Я прикрыла за ним дверь и кротко предложила:

– Поднимемся ко мне.

В гостиной я первым делом задернула шторы на окнах фасада, затем обернулась – Лоренцо стоял совсем рядом, вплотную ко мне. Он недвижно нависал надо мной и едва дышал. От аромата его духов – мускуса и розовой воды, смешанных с запахом влажной от пота шерсти, – у меня вдруг закружилась голова.

– Катон… – хрипло произнес он.

Я собрала все свое мужество и поглядела ему прямо в глаза. Я не отводила взгляда, и это окончательно лишило Лоренцо сил сдерживаться. Он сморщился, пытаясь удержать набежавшие слезы, потом порывисто обхватил меня и прижал к себе. Из его груди вырвался сдавленный стон.

– Прости меня, – прошептал он, – но я больше не могу, я не способен…

Мои руки сами собой сомкнулись на его талии.

– Лоренцо…



– У меня никогда в жизни не было любовника, – признался он совсем тихо мне на ухо. – Наверное, у тебя тоже?..

– Друг мой… – начала я.

– Да, Катон, я твой друг, но мое чувство к тебе превыше всех мыслимых дружб и всех известных миру любовей. Я долго пытался забыть тебя – с того самого дня, как ты отказал мне на прогулке. Я расточал нежности своим детям, являл чудеса предупредительности по отношению к жене и матери, изливал неукротимую страсть на Флорентийскую республику. – Он с несчастным видом рассмеялся. – Я, наверное, скоро с ума сойду, но все, что бы я ни сделал, не в силах изгнать тебя из моих дум!

Выслушивая это поразительное признание из уст Лоренцо, я невольно задрожала – и душой, и телом.

– Прошу, пойдем сейчас со мной, Лоренцо, – наконец вымолвила я и освободилась от его объятий.
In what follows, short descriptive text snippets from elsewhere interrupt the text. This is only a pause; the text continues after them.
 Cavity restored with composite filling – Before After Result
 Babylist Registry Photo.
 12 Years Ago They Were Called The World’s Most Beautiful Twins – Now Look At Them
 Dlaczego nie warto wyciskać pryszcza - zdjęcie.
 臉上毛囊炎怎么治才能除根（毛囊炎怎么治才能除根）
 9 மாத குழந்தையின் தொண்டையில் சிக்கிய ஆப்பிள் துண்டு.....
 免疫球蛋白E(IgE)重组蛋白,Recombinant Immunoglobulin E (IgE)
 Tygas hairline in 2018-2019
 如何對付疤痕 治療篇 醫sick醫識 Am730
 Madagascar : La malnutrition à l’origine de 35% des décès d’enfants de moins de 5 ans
Он смятенно взирал на меня. – Пойдем же, – повторила я и взяла его за руку.

Я повела его на третий этаж, в свою спальню, где мы встали лицом к лицу – олицетворенная смесь из любви и страха, а вокруг нас, словно химический пар в стеклянной колбе, витали флюиды естественных и противоестественных желаний. Лоренцо протянул ко мне руку, желая притронуться, но я молча покачала головой, через голову стащила с себя тунику и отбросила ее. Затем пришел черед нижней рубашки.



Я заметила, что полотняная перевязь на моей груди приковала все его внимание, и без слов начала разматывать ее. Увидев, что я скрываю под обмотками, Лоренцо безмолвно ахнул и, когда повязки вслед за рубашкой упали на пол, несколько раз изменился в лице, от терзаний перейдя к изумлению и наконец – к ликованию.
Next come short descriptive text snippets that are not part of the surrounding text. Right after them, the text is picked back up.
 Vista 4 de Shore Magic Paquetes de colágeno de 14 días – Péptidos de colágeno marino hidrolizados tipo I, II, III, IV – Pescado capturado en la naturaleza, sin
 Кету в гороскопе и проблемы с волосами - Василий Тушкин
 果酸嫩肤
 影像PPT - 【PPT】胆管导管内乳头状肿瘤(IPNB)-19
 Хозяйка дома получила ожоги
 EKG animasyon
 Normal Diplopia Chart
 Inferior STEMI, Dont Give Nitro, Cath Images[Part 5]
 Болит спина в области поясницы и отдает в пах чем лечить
Мои груди, вырвавшись из долгого плена, снова округлились, и Лоренцо недоверчиво коснулся их, ощупывая, словно сомневался в их подлинности.

– Меня зовут Катерина, – сказала я, – а Леонардо – мой сын. Тебя, Лоренцо… я полюбила с первой минуты.

Он невыносимо долго молчал, вглядываясь в мое лицо, словно только сейчас увидел. Он заново узнавал меня. Затем он запрокинул голову и разразился оглушительным смехом.

Все, что за долгие годы лжи и утаивания накопилось в моем сердце и лежало на нем непосильным бременем, вдруг стронулось с места, поднимаясь все выше и выше, подобно черным клубам дыма из дымохода, постепенно рассеивающимся в безоблачном небе. Пряча улыбку, я начала расстегивать на Лоренцо колет со словами:

– Видишь, Il Magnifico, мы с тобой не содомиты, так что не бойся.

Он снова хотел засмеяться, но неожиданно его взгляд стал очень серьезным. Заключив мое лицо в ладони, Лоренцо приблизил губы к моим и поцеловал.

Кажется, всю свою жизнь я ждала этого поцелуя, исполненного теплоты, и ласки, и торжества, – поцелуя, увлекшего нас в бездну необузданного желания. Я забыла самое себя в поспешности рук, ищущих опоры, в поглаживаниях… в стонах ненасытного наслаждения… в шорохе сбрасываемых одежд… в слиянии тел…



Мы отступили к постели и вместе упали на нее.

– Катерина, – шептал Лоренцо, привыкая к звуку моего имени.

Его жаркое дыхание щекотало мне шею, кончиком языка он теребил мой сосок.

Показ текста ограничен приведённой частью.